WASHINGTON COUNTY (KFSM) — Crews with Energy Solutions pulled a decommisioned nuclear reactor from the Southwest Experimental Fast Oxide Reactor site, kno...

WASHINGTON COUNTY (KFSM) -- Crews with Energy Solutions pulled a decommisioned nuclear reactor from the Southwest Experimental Fast Oxide Reactor site, known as SEFOR, near the Strickler community.

Dean Wheeler, project manager with Energy Solutions, says their first significant activity consisted of knocking down the containment building.

"We had to demolish the containment dome, which is a steel dome, and the bio-shield structure around the reactor," Wheeler said.

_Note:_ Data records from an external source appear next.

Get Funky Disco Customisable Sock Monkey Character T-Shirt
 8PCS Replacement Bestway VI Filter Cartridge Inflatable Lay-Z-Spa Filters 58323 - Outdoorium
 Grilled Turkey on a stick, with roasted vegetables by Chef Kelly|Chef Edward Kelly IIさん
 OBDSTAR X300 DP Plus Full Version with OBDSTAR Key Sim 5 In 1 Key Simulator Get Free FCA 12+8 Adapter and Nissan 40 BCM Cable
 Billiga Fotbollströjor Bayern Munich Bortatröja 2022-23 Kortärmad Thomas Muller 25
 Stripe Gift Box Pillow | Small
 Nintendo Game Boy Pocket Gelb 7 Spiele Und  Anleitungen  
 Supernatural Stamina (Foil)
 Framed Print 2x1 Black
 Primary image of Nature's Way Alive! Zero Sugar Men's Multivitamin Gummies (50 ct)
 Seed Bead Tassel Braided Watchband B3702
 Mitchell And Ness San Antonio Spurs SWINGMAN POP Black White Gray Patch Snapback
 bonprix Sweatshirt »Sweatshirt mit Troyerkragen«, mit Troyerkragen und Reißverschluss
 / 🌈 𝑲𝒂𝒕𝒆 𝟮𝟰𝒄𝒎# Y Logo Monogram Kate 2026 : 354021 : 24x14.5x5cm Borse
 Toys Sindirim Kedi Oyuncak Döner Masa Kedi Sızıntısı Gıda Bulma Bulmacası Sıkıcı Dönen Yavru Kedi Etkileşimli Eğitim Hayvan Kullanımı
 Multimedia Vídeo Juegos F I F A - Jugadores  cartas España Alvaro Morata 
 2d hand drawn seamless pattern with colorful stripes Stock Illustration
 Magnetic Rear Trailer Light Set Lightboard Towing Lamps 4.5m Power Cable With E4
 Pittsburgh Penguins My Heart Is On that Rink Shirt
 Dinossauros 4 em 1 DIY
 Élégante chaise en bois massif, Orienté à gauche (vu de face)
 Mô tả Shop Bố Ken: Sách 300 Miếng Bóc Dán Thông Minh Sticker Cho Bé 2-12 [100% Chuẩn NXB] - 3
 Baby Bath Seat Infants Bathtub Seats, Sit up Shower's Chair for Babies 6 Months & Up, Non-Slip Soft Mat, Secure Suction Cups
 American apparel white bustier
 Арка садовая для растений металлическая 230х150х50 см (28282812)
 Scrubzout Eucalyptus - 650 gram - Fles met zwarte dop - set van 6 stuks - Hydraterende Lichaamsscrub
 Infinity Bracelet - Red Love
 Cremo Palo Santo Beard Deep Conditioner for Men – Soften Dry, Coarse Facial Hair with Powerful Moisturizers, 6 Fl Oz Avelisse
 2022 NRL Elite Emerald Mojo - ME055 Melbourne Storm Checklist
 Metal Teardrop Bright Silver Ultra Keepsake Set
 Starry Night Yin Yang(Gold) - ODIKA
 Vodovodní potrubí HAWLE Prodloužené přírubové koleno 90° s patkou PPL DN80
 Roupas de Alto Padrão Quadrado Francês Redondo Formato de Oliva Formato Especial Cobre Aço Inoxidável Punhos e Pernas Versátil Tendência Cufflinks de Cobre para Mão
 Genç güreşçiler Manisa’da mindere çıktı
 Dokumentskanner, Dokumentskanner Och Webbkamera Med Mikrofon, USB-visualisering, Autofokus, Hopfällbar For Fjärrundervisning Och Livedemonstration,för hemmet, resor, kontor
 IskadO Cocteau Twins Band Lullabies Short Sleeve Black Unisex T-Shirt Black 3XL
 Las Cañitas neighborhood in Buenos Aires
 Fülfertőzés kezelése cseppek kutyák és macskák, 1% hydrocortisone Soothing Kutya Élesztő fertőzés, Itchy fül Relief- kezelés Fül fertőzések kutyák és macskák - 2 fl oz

The reactor weighs 84-thousand pounds and was lifted with a large crane, and placed into a carbon steel containment vessel.

He tells me the next step was taking out the reactor.

Since 2016, The University of Arkansas has used federal funds to figure out how to dismantle the building.

Ricky Long lives nearby. He says his grandfather used to work at the former nuclear plant.

"I was about 12 or 13, and I would come over and visit with him at night," Long said. "He was a guard here, and I know some other people who have worked on the actual site and built the reactor back then."

Although Long has fond memories at SEFOR with his grandfather, he's glad to see the nuclear reactor gone.

"It's just kind of been an eyesore, but it's also kind of been a landmark type thing too. But if it's gone, it'll open it up for something else."

The complete clean up should be finished by spring 2019.

The University of Arkansas took ownership of SEFOR in 1975 for research but closed it down by the mid-1980s.